• **EXTRACTED MATERIAL**:
########################################
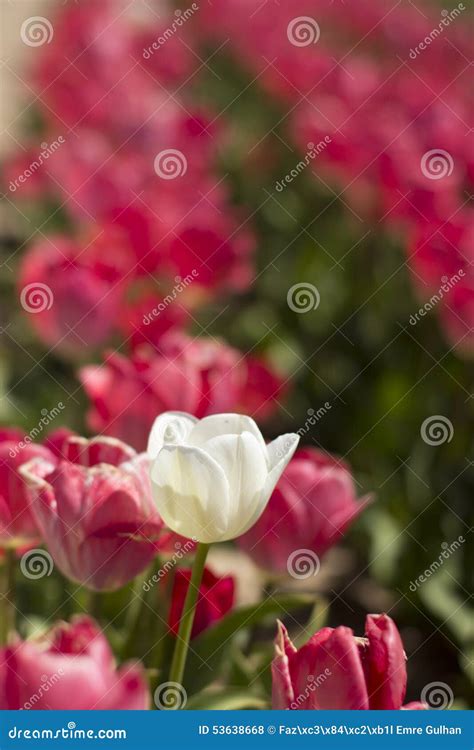 White Tulip in the Pink Tulips Stock Photo - Image of color, nature: 53638668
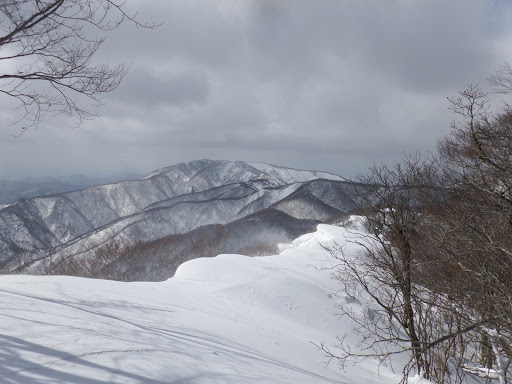 横山岳方面（県境稜線）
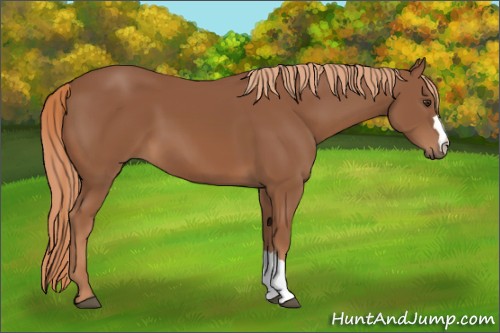Horse Color:Chestnut 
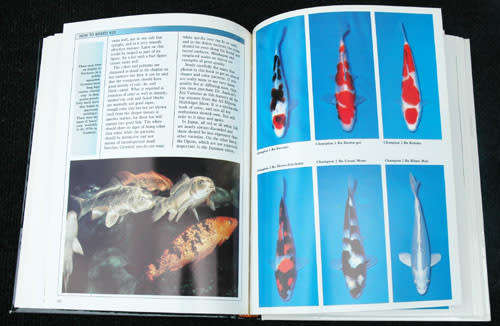 The Cult of the Koi -- Michugo Tamadachi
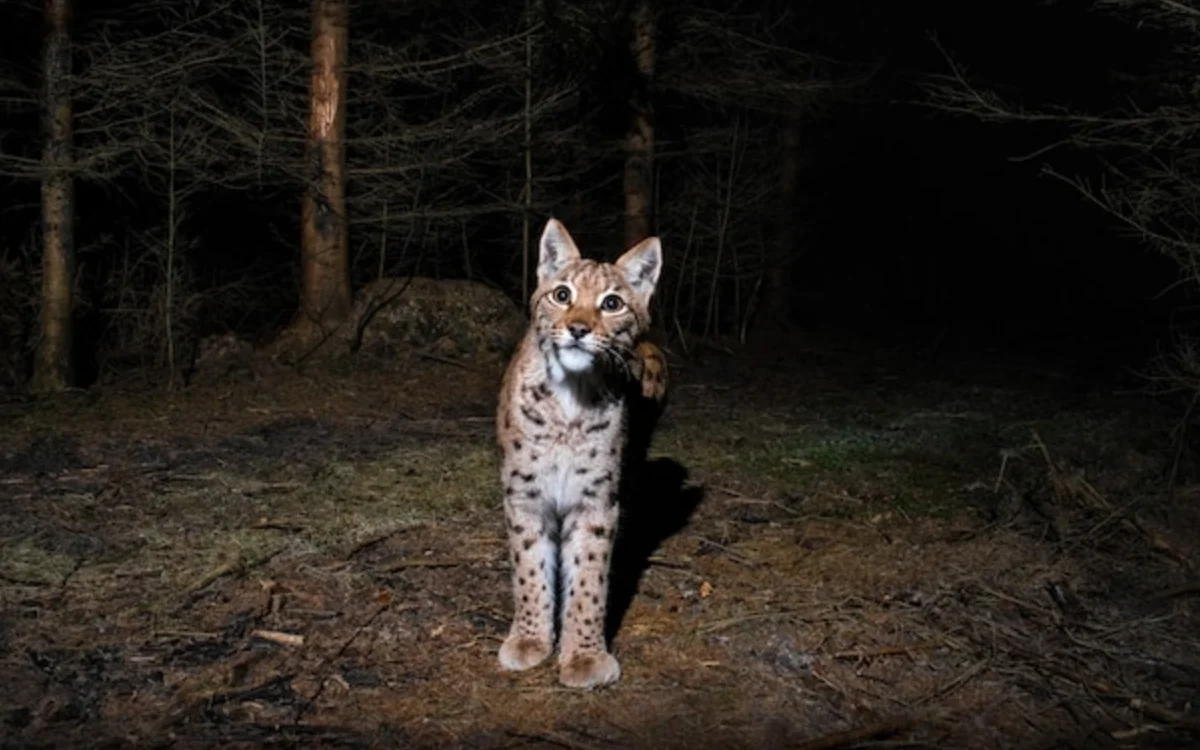 Chaos in Ksar Sghir, wilde kat dringt woning binnen 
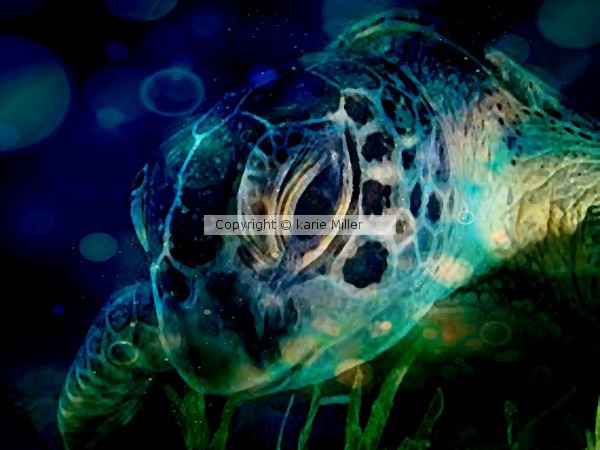 Sea Guardian 2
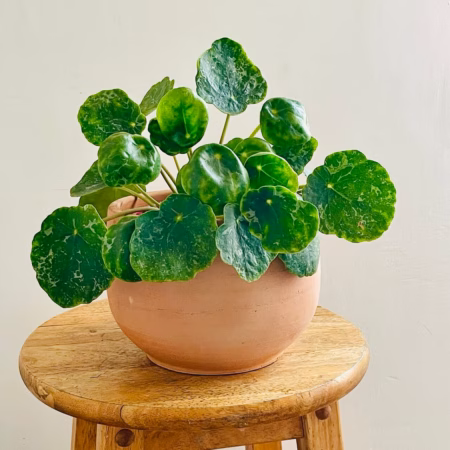Pilea peperomioides Sugar dans un pot en terre cuite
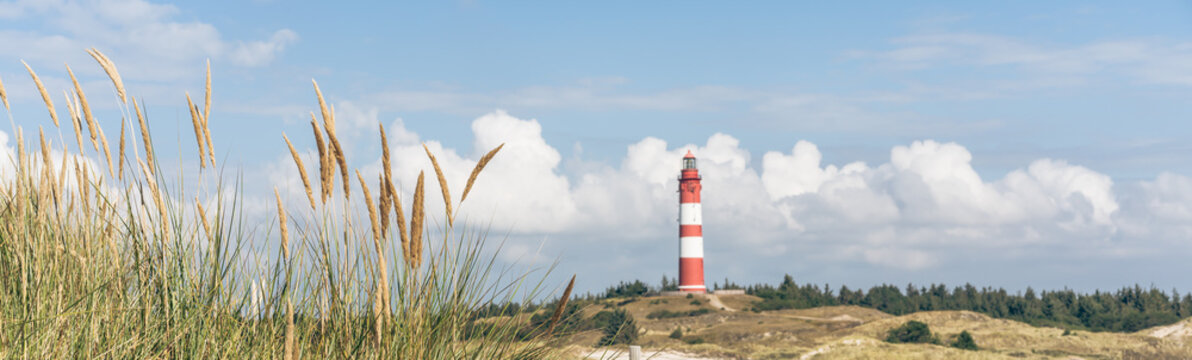 Dünengras mit Leuchtturm auf der Insel Amrum an der deutschen Nordseeküste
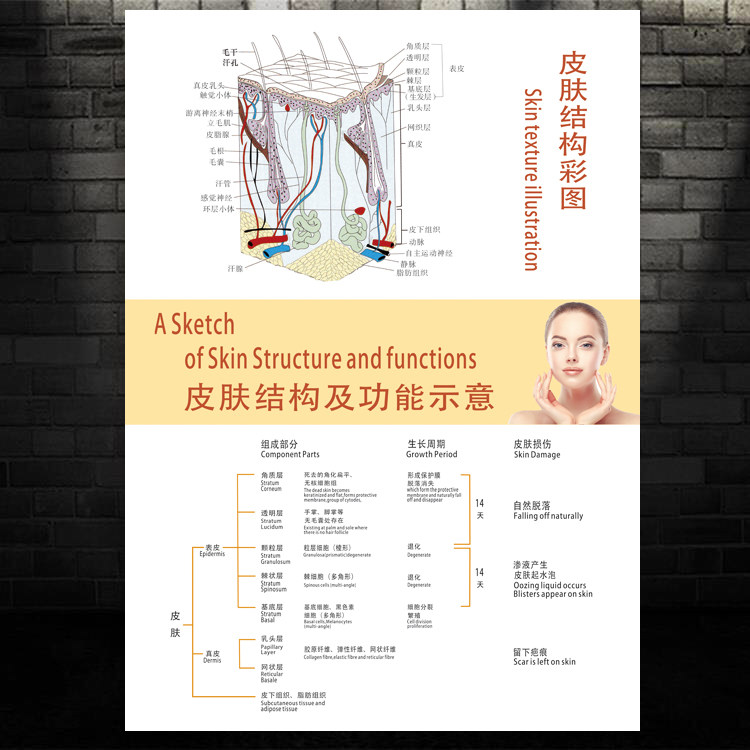 现代皮肤结构图宣传挂画 美容养生馆墙装饰画肌肤解剖图祛痘壁画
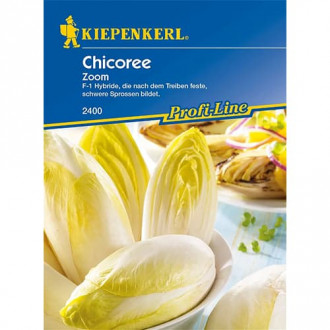 Chicoree Zoom F1 interface.image 1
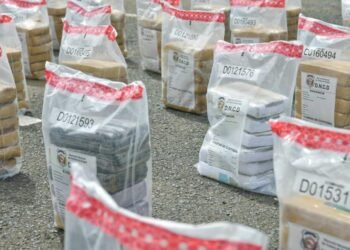 DNCD ocupa 1,402 paquetes de cocaína y apresa a ocho personas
########################################
Please retype the lines from the one containing "横山岳方面（県境稜線）" through the last line of the records above, exactly as written, and leave out any pictures.

• **REPLY TO THE TASK**:
 横山岳方面（県境稜線）
Horse Color:Chestnut 
 The Cult of the Koi -- Michugo Tamadachi
 Chaos in Ksar Sghir, wilde kat dringt woning binnen 
 Sea Guardian 2
Pilea peperomioides Sugar dans un pot en terre cuite
 Dünengras mit Leuchtturm auf der Insel Amrum an der deutschen Nordseeküste
 现代皮肤结构图宣传挂画 美容养生馆墙装饰画肌肤解剖图祛痘壁画
 Chicoree Zoom F1 interface.image 1
 DNCD ocupa 1,402 paquetes de cocaína y apresa a ocho personas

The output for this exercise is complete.